O retrato de Bryan Adams foi tirado por um amigo no intervalo das aulas de arte e fotografia que ambos frequentavam em finais dos anos 70. O que quer dizer que Adams e a fotografia já namoram há algum tempo. Apesar de a chama deste casal nunca se ter apagado, esta paixão foi-se fazendo às escondidas, em quartos de hotel, nos tempos mortos entre concertos. E só no final da década de 90, a procura de um auto-retrato para a capa de um disco fez com que o fogo se propagasse de maneira incontrolável. O célebre fotógrafo de moda americano Herb Ritts (1954 – 2004) deu a Bryan Adams o empurrão que faltava para que a fotografia passasse de um namorico despreocupado para um casamento com comunhão de bens.

Ao longo dos últimos 15 anos, o músico canadiano foi dando forma a uma impressionante galeria de retratos. É uma constelação onde está reunida parte considerável do estrelato do cinema, da música, da moda... Nessas imagens, muito mais do que a celebridade, o que se revela é a vulnerabilidade, a intimidade, a sensualidade, a força e o devaneio. Em 2012, a editora alemã Steidl publicou em livro uma selecção retrospectiva desse trabalho (Exposed), que tem sido divulgado em títulos ligados à moda como a Vogue, a Vanity Fair, a  I:D e a Zoo, co-fundada por Adams em 2004. A exposição que agora chega ao Centro Cultural de Cascais (até 1 de Fevereiro de 2015) centra-se sobretudo neste corpo de trabalho, mas inclui também imagens de Wounded – The Legacy of War, um dos projectos a que Bryan Adams se dedicou nos últimos cinco anos que revela as cicatrizes de guerra de soldados britânicos que combateram no Afeganistão e no Iraque. Não é que fosse preciso. Mas estas fotografias mostram definitivamente como Bryan Adams é muito mais do que um (bom) fotógrafo de vedetas.

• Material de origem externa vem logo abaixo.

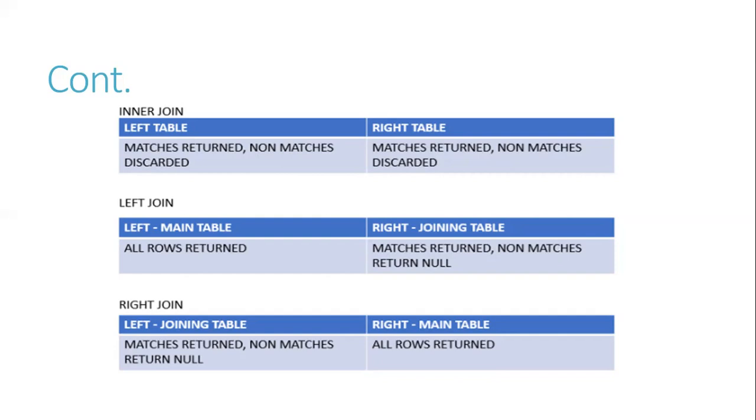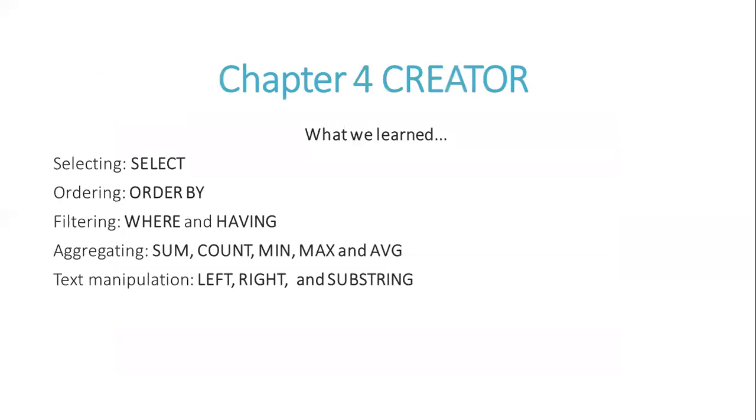In Chapter 4, CRUD. What we learned: Selecting with SELECT, ordering with ORDER BY, filtering with WHERE and HAVING. Aggregating with SUM, COUNT, MIN, MAX, and AVG.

Que importância tem a fotografia na sua vida, hoje?
É muito importante! Tão importante como todas as outras áreas criativas em que estou envolvido.

Foto
Bryan Adams no seu estúdio, Londres, 2011

Tornou-se famoso com a música e as pessoas identificam-no com essa arte. Essa condição tem ofuscado a segunda arte, a fotografia?
De modo algum. O facto é que provavelmente ajudou a que se tornasse mais visível. Se tivesse dado ouvidos ao que as pessoas diziam sobre a minha música no início, nunca teria sido músico. Passou-se a mesma coisa quando as minhas fotografias começaram a circular publicamente. É preciso seguir os instintos.

E qual é a sua principal ambição com o trabalho fotográfico?
Criar coisas bonitas.

O livro Exposed é sobretudo formado por retratos. É o género que mais o motiva? Que outros géneros aprecia?
Adoro fotografia conceptual, nus, natureza-morta – todo o tipo de fotografia… 

Costuma ser muito impositivo ou deixa que os retratados se movimentem?
Procuro ter sempre tudo planeado antes de começar. Discuto esse plano com toda a gente envolvida. Mas ultimamente tem havido liberdade total. E o certo é que temos chegado sempre ao que queremos.

A sequência de imagens de Ben Kingsley, por exemplo, dá ideia de que é ele quem está no comando das operações. Foi assim?
Criei um cenário para trabalhar com o Ben no meu estúdio. Durante a sessão, rimo-nos muito a propósito do filme “Sexy Beast” [2000], em que ele tinha participado. No dia em que aconteceu a nossa sessão de fotografia, o Ben como que encarnou de novo esse personagem. Foi muito divertido.

A fotografia de capa do último disco de originais de Amy Whinehouse é da sua autoria. Exposed começa com ela e termina com ela. Gostava particularmente de a fotografar? Como eram as sessões com ela?
Sempre gostei muito de trabalhar com a Amy. Ela costumava perguntar-me “O que é queres que faça?”. E eu respondia sempre “Já estás a fazer”. Ela era muito natural em frente à câmara. A ideia era apenas captar o momento, e com ela houve muitos momentos. Sinto muito a falta dela. Era muito inteligente.

No prefácio de Exposed fala de um objectivo: criar algo bonito a partir do nada. Mas o certo é que as figuras públicas que retrata não partem do nada, partem de um percurso de fama e de uma relação profissional com as câmaras. Não há aqui uma contradição?
Não há qualquer contradição. Já vi figuras públicas fotografadas de maneira pouco lisonjeira. Compete ao fotógrafo decidir como quer que as suas imagens apareçam e não aos sujeitos.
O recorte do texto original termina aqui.